ACTIVITY: Line by line, repeat the material below exactly and leave the images out.

──────── SUPPLIED INFORMATION ────────

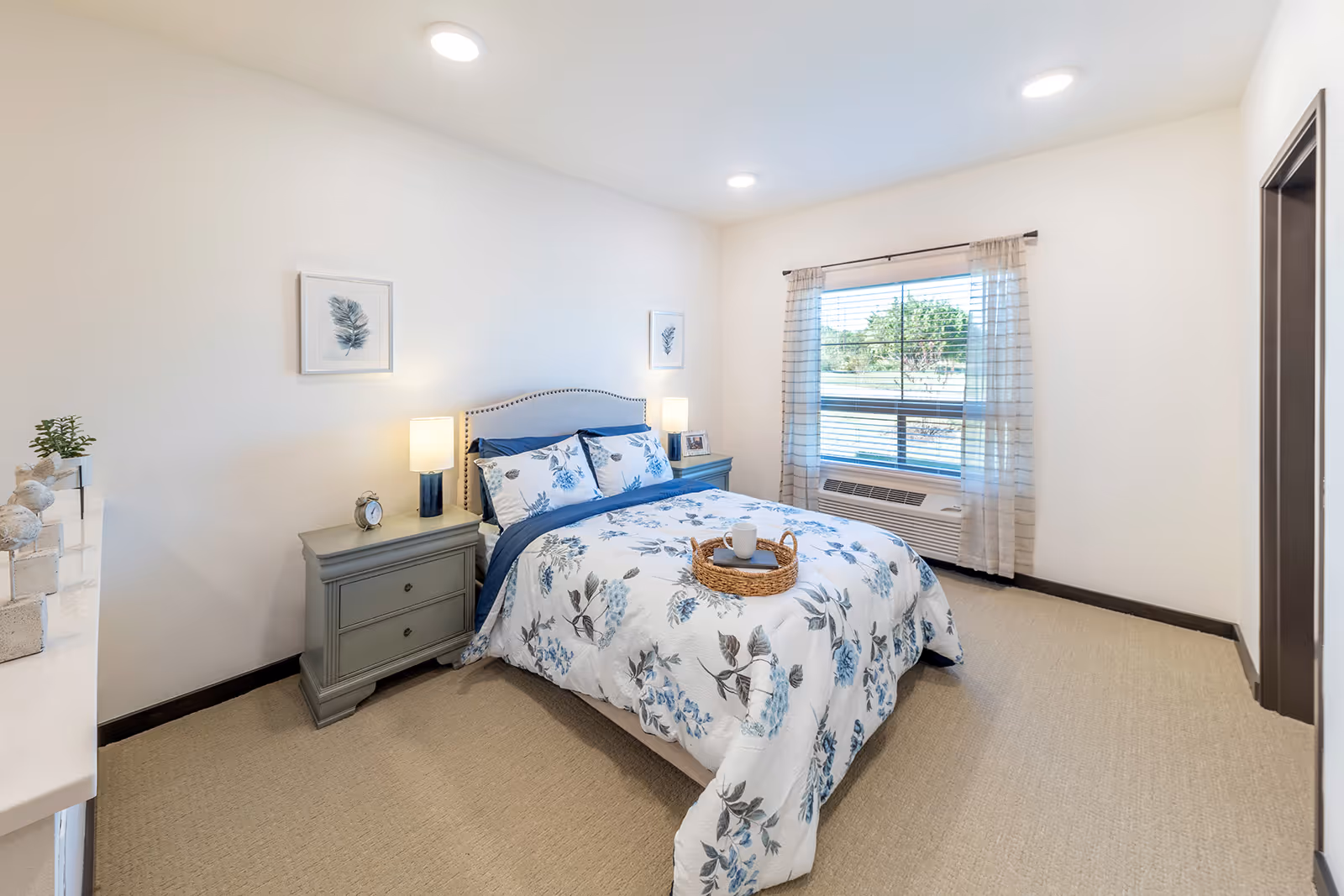 A bright and cozy bedroom with a bed dressed in white and blue floral bedding. The bed has a beige upholstered headboard and is flanked by two gray nightstands, each with a lamp. There are two framed botanical prints on the wall above the nightstands. A window with sheer curtains lets in natural light, and a beige carpet covers the floor.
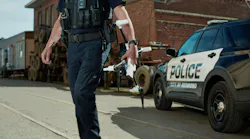 68791dc1fbd730f4e266cfb2police_officer_holding_res 68791dc1fbd730f4e266cfb2police_officer_holding_res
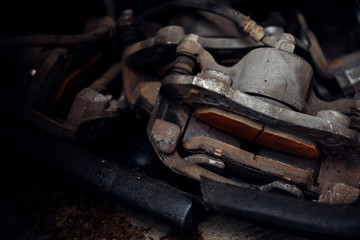 Disc brake and asbestos brake pads at car garage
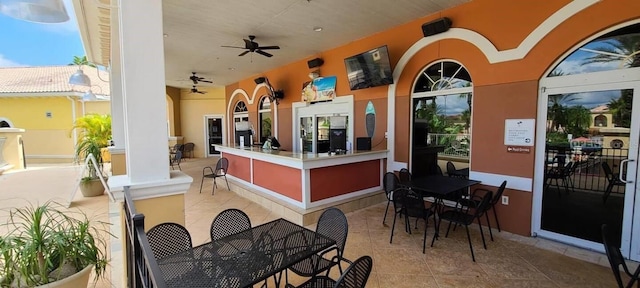 view of terrace featuring ceiling fan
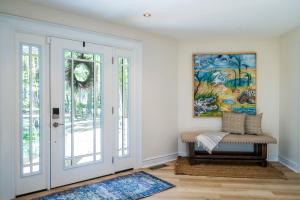 a room with a door and a bench and a painting at 2932 Captain Sams in Johns Island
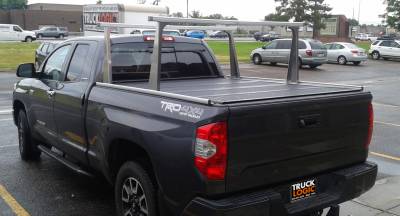 Adarac Aluminum Pro ladder rack and Bak Flip MX4 tonneau cover on a Toyota Tundra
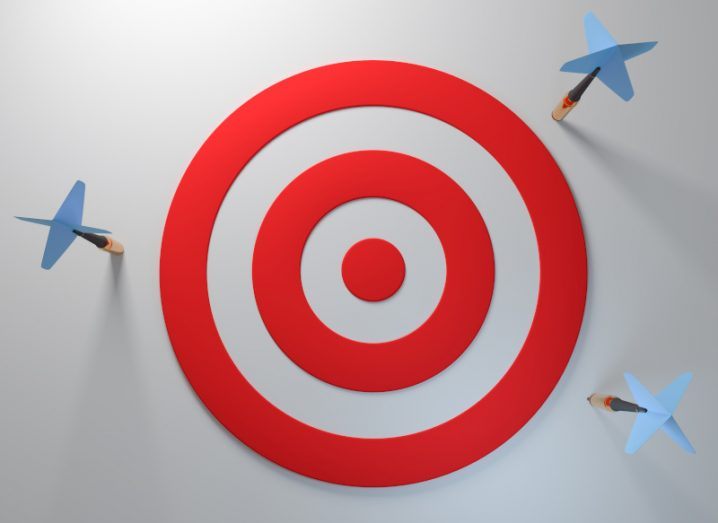 A red target with three blue-headed darts all around the target having missed and stuck to a grey wall behind.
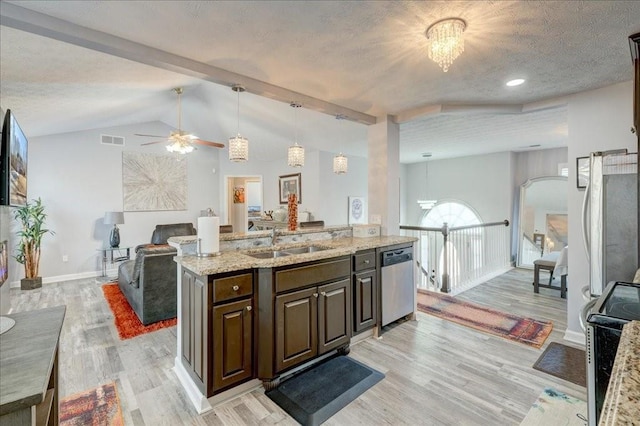 kitchen featuring visible vents, a sink, electric stove, a textured ceiling, and dishwasher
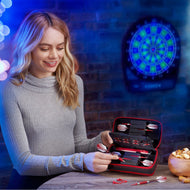 A person holds open a red-trimmed black dart case with darts inside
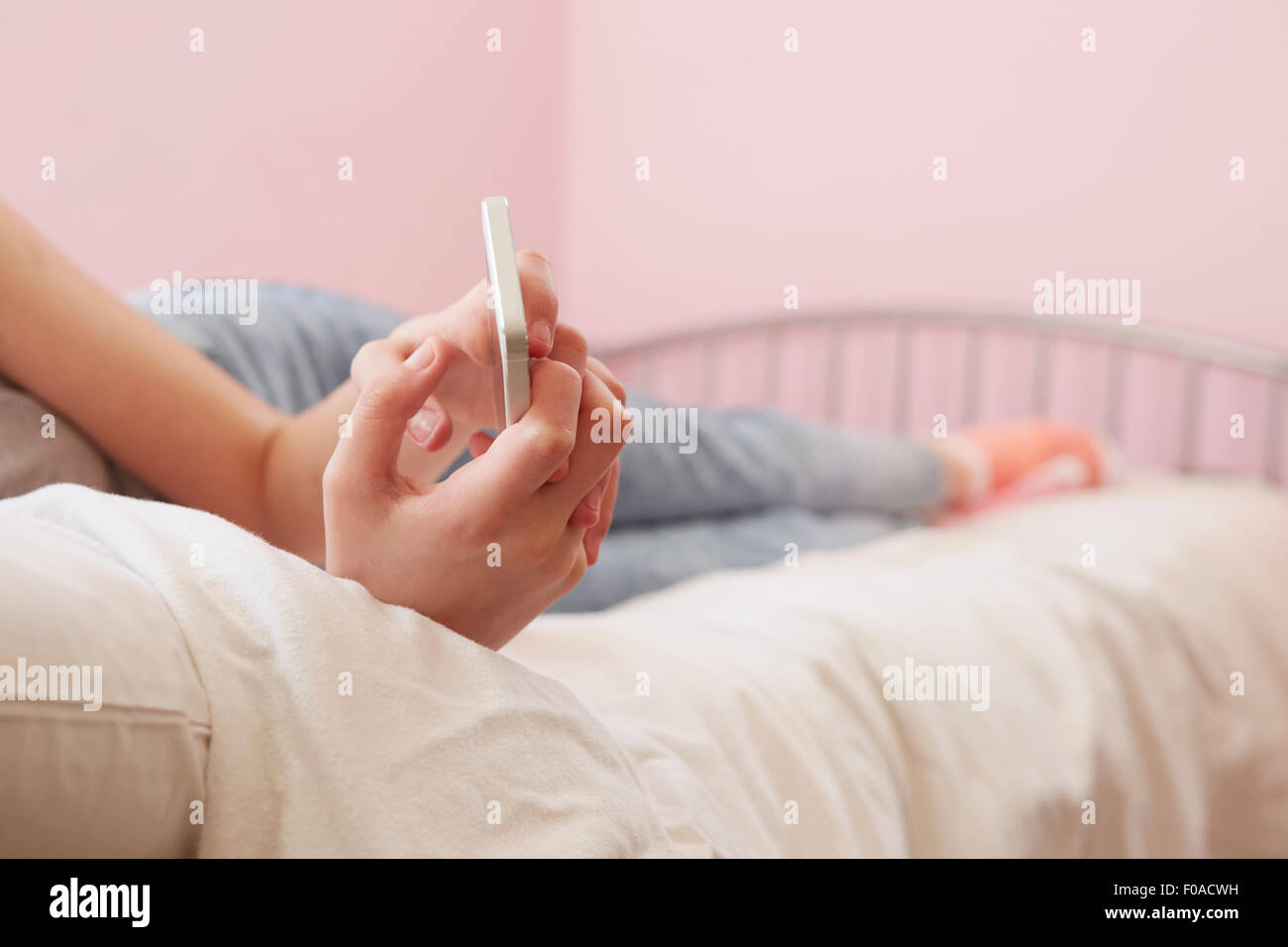 Vista ritagliata della ragazza distesa sul letto dello smartphone di lettura dei messaggi di testo Foto Stock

────────

RESPONSE:
 A bright and cozy bedroom with a bed dressed in white and blue floral bedding. The bed has a beige upholstered headboard and is flanked by two gray nightstands, each with a lamp. There are two framed botanical prints on the wall above the nightstands. A window with sheer curtains lets in natural light, and a beige carpet covers the floor.
 68791dc1fbd730f4e266cfb2police_officer_holding_res 68791dc1fbd730f4e266cfb2police_officer_holding_res
 Disc brake and asbestos brake pads at car garage
 view of terrace featuring ceiling fan
 a room with a door and a bench and a painting at 2932 Captain Sams in Johns Island
 Adarac Aluminum Pro ladder rack and Bak Flip MX4 tonneau cover on a Toyota Tundra
 A red target with three blue-headed darts all around the target having missed and stuck to a grey wall behind.
 kitchen featuring visible vents, a sink, electric stove, a textured ceiling, and dishwasher
 A person holds open a red-trimmed black dart case with darts inside
 Vista ritagliata della ragazza distesa sul letto dello smartphone di lettura dei messaggi di testo Foto Stock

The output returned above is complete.